At this point, the observation taxon will be Vulpes vulpes ssp. vulpes, the Community Taxon will be Vulpes vulpes ssp. vulpes, the observation will be RG, and we will share it with GBIF along with the name Vulpes vulpes ssp. vulpes.

Subspecies do have some weird effects on the Community ID, mostly because of situations like

ID 1: Vulpes vulpes
ID 2: Vulpes vulpes ssp. vulpes

where the community ID is Vulpes vulpes even though ID 2 is leading. On iNat, a species-level ID is generally considered good enough, and since the subspecies ID supports the species-level ID, we just consider that 100% agreement at the species level. The obs can be RG and a subspecific level with more subspecies IDs, but at this point the obs is RG and, we think, good enough to share.

Okay.

Some possibly related questions, but for Observers:

  • Does ORCID get related to “observedBy” in GBIF?
  • Does a collection of Observations by the same ORCID qualify as a “Dataset”?
1 Like

If we’re meaning the same thing I think GBIF shows the iNat observer user as observed by, although I’m not entirely sure what you mean and others would know about ORCID better.

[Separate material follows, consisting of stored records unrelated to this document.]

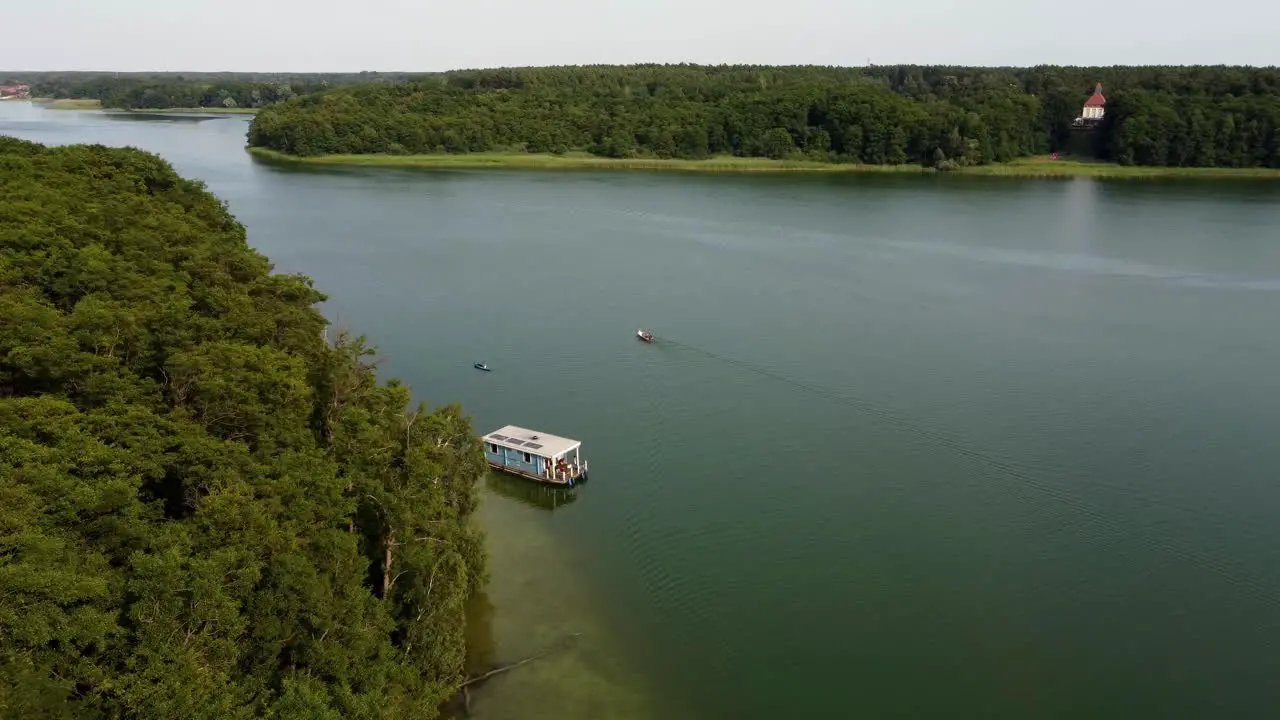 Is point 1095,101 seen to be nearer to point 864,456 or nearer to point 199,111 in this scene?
point 864,456

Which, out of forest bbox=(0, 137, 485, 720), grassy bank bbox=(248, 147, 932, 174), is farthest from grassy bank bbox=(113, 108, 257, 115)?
forest bbox=(0, 137, 485, 720)

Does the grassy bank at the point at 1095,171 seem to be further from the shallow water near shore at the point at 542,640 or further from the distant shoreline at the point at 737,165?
the shallow water near shore at the point at 542,640

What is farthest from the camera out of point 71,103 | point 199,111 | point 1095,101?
point 71,103

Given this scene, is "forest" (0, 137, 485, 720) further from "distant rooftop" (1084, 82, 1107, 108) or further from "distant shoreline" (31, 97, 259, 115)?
"distant shoreline" (31, 97, 259, 115)

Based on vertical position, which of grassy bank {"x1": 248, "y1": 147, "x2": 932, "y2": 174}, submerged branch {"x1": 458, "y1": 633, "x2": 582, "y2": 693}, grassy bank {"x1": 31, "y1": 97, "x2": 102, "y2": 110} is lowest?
submerged branch {"x1": 458, "y1": 633, "x2": 582, "y2": 693}

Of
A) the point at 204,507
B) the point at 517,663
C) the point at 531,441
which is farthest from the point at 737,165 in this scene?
the point at 204,507

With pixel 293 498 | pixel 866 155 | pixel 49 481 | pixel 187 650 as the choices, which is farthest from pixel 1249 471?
pixel 866 155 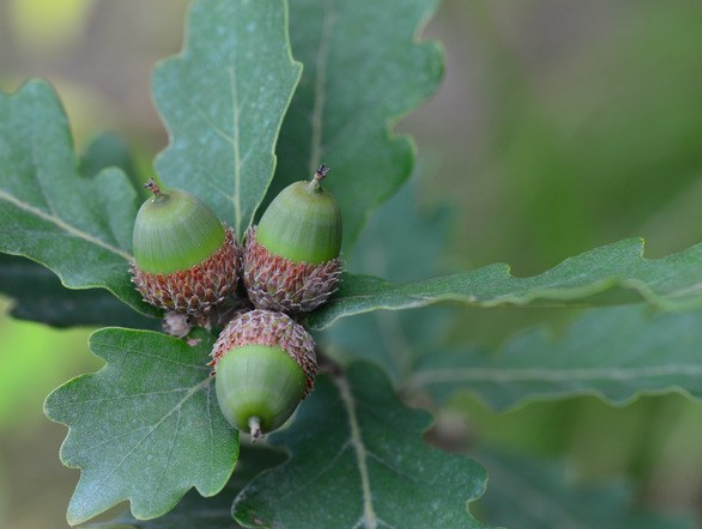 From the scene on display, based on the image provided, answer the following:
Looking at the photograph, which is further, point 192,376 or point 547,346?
point 547,346

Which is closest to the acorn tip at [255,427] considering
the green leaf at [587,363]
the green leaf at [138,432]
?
the green leaf at [138,432]

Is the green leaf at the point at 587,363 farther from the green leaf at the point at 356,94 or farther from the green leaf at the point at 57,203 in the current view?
the green leaf at the point at 57,203

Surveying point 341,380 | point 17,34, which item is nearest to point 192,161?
point 341,380

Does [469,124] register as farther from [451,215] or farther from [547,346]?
[547,346]

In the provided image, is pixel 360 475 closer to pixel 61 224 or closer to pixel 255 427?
A: pixel 255 427

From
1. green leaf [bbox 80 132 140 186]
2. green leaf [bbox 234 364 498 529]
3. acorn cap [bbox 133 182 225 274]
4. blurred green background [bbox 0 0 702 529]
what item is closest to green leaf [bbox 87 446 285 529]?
green leaf [bbox 234 364 498 529] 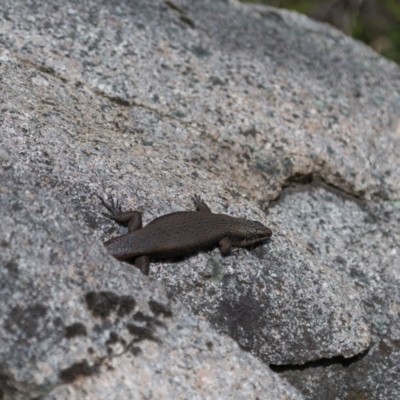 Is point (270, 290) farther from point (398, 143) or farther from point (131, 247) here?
point (398, 143)

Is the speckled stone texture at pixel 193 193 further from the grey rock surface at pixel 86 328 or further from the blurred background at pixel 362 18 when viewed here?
the blurred background at pixel 362 18

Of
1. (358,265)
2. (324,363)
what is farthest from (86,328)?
(358,265)

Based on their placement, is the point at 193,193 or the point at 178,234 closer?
the point at 178,234

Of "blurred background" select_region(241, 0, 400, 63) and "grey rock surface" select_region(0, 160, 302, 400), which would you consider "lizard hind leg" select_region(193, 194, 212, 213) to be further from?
"blurred background" select_region(241, 0, 400, 63)

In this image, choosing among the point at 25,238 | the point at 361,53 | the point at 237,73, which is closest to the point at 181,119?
the point at 237,73

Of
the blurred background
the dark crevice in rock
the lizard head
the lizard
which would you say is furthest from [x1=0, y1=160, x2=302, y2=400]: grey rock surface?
the blurred background

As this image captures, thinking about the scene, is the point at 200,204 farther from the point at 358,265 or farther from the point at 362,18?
the point at 362,18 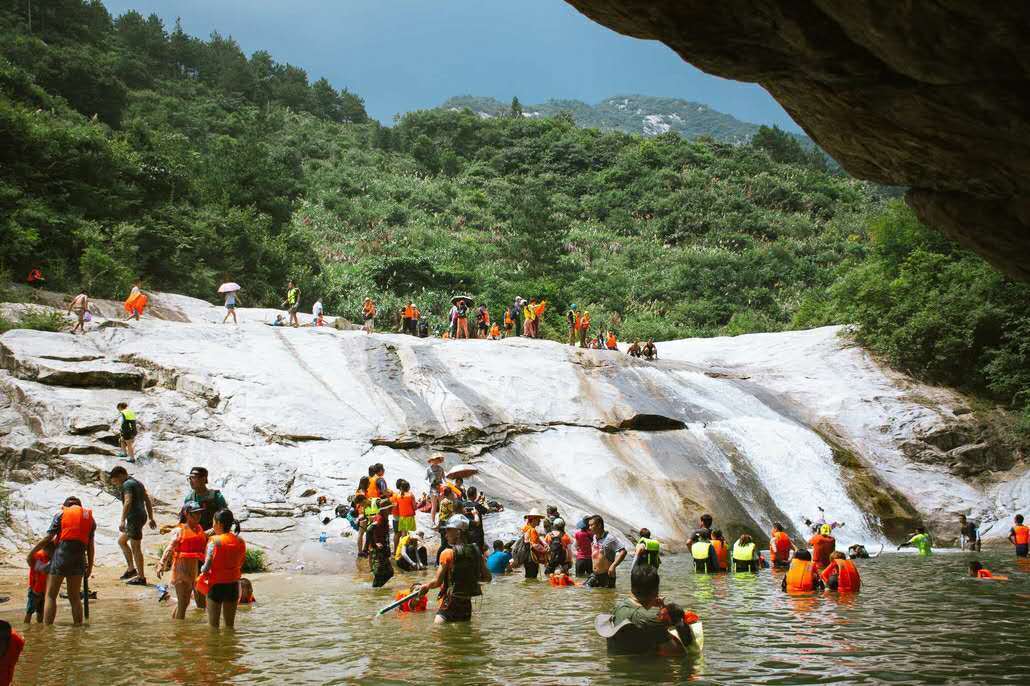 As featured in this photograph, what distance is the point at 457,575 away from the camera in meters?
9.74

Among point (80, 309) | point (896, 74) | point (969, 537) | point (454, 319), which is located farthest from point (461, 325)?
point (896, 74)

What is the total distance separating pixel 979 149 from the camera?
22.3ft

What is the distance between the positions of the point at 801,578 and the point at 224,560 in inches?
332

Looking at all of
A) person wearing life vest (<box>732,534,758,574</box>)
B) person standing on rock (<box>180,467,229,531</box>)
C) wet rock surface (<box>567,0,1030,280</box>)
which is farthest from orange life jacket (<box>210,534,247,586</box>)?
person wearing life vest (<box>732,534,758,574</box>)

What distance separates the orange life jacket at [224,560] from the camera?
9.36m

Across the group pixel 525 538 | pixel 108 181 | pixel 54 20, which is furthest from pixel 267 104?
pixel 525 538

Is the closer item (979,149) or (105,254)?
(979,149)

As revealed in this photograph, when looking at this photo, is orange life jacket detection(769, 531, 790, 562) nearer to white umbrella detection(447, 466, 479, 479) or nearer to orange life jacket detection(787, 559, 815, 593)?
orange life jacket detection(787, 559, 815, 593)

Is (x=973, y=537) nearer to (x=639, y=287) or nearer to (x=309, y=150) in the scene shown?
(x=639, y=287)

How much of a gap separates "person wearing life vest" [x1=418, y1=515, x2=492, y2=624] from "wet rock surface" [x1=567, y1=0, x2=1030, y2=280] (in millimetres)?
Answer: 5741

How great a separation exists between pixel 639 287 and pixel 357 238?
68.3 feet

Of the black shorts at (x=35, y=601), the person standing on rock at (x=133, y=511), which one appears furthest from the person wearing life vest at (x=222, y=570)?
the person standing on rock at (x=133, y=511)

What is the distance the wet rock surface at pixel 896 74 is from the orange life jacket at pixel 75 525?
27.4ft

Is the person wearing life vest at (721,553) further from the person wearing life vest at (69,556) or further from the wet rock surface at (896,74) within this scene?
the person wearing life vest at (69,556) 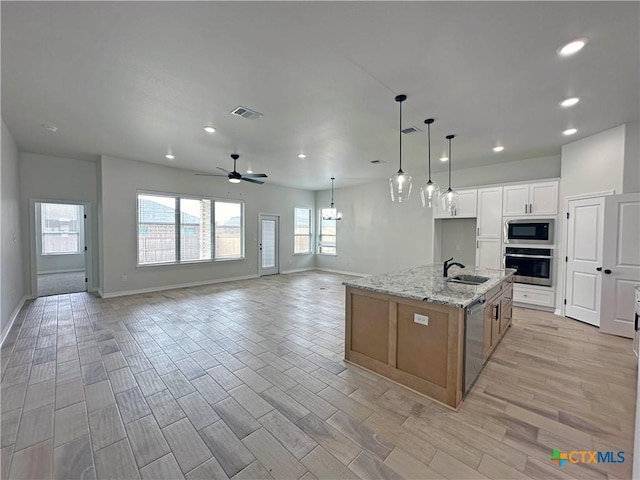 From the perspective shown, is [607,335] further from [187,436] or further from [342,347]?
[187,436]

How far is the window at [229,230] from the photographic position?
773cm

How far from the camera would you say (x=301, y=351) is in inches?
131

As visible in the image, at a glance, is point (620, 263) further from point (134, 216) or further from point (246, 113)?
point (134, 216)

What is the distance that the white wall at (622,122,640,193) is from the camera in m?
3.70

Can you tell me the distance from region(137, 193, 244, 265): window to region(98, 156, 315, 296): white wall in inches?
7.4

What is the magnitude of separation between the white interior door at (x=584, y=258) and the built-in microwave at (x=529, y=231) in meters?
0.36

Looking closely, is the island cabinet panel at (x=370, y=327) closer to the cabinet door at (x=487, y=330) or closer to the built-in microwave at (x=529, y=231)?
the cabinet door at (x=487, y=330)

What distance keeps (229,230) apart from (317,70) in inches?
244

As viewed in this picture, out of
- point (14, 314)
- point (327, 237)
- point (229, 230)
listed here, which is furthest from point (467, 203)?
point (14, 314)

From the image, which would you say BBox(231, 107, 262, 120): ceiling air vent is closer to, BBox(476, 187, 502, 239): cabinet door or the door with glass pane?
BBox(476, 187, 502, 239): cabinet door

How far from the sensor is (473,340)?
98.4 inches

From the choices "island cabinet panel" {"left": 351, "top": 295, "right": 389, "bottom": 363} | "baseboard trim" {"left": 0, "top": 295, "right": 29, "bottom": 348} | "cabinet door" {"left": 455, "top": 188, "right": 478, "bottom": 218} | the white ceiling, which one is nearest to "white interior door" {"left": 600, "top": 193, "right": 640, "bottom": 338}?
the white ceiling

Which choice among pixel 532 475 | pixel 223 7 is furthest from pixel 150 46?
pixel 532 475

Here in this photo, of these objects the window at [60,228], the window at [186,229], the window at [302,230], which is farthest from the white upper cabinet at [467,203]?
the window at [60,228] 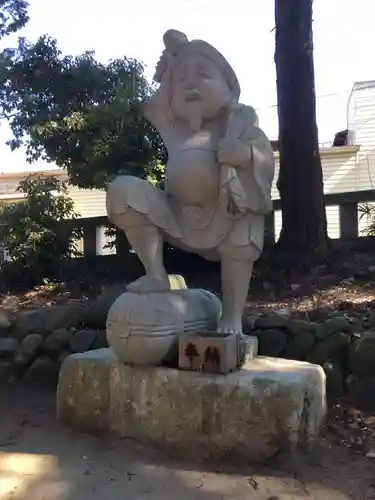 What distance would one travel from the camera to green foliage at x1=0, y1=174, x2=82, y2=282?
21.3 ft

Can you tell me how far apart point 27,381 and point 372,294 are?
2.71 metres

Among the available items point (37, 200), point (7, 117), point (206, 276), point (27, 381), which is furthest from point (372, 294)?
point (7, 117)

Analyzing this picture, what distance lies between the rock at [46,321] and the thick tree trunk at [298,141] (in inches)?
87.5

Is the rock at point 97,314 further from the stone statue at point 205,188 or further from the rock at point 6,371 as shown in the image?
the stone statue at point 205,188

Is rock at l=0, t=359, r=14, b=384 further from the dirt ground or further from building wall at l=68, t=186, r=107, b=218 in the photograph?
building wall at l=68, t=186, r=107, b=218

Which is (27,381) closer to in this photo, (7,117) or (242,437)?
(242,437)

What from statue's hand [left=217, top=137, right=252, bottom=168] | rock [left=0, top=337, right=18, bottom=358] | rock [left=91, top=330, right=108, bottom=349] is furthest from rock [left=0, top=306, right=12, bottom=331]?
statue's hand [left=217, top=137, right=252, bottom=168]

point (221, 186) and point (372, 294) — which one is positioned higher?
point (221, 186)

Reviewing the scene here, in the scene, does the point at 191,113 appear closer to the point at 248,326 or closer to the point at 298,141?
the point at 248,326

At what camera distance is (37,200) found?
6.77 meters

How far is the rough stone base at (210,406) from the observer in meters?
2.70

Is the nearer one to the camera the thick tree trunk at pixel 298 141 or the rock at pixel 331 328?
the rock at pixel 331 328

Yes, the user name shows up as “observedBy” in GBIF. But if that user has an ORCID, that relation is lost.

Do you mean the observer won’t be shown in observedBy? If so, what’s shown instead?

I’ve since confirmed that GBIF includes an Observer ORCID field, though I don’t recall what it’s called.

So, different observer fields are populated depending on if the user has ORCID? I’d think it would be more ideal if only one field was populated either way, what do you think? The largest difficultly I noticed with GBIF is when people upload museum specimens other people collected and identified, GBIF’s observer or identifier fields are misleading because they only list the iNat users.

I just re-downloaded by GBIF query for NYC Anthophila.

GBIF has “recordedBy”/“identifiedBy” which is the user’s name on iNaturalist.

It also has “recordedByID”/“identifiedByID” with the ORCID, if the user has set that up for themselves in iNaturalist.

Interesting, I may also use ORCID later on.

For downstream QA / QC of identifications by data users, the most useful functionality would be to have all identifications provided by all users associated with the observation so that you could, e.g., easily pull out all observations identified as taxon A by user X, or systematically replace community IDs with IDs provided by user X.

From my point of view the best practice for data users, at least if species-level ID is important to their research and they are working with species that aren’t toward the easy-to-ID and charismatic end of the spectrum, is to treat the community ID as a tool for pulling out a set of potentially relevant observations but to entirely ignore the community ID otherwise. Check for identifiers known to be reliable; use their IDs when available; otherwise identify all observations yourself.

2 Likes

With regard to how to identify users, surely the best practice is to provide username, real name (if available), and ORCID (if available).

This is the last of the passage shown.